> [Work instruction]: Your answer must be the exact lines below, starting with the line with "ebony beauty takes" and going on through the line with "Spanda English Breakfast-duoc-ban-tai-SPANDA", both included, with no pictures.

> [Provided records]:
↓

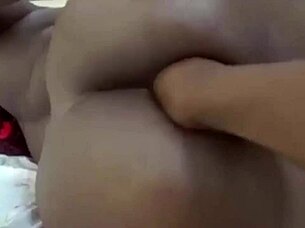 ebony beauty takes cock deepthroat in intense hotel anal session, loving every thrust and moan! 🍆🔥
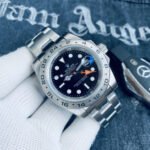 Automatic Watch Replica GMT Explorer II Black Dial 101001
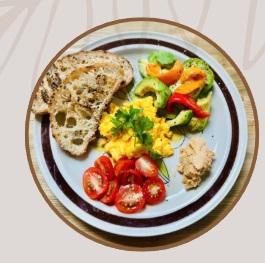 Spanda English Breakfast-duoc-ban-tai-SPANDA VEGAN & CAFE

↑
↓

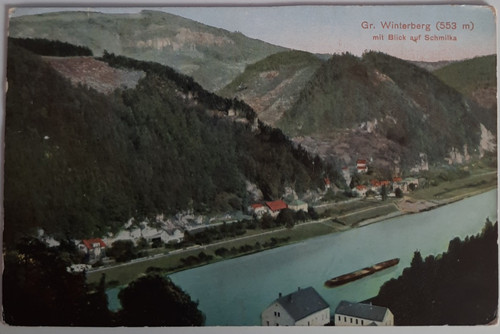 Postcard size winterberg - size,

↑

> [Task solution]:
 ebony beauty takes cock deepthroat in intense hotel anal session, loving every thrust and moan! 🍆🔥
 Automatic Watch Replica GMT Explorer II Black Dial 101001
 Spanda English Breakfast-duoc-ban-tai-SPANDA VEGAN & CAFE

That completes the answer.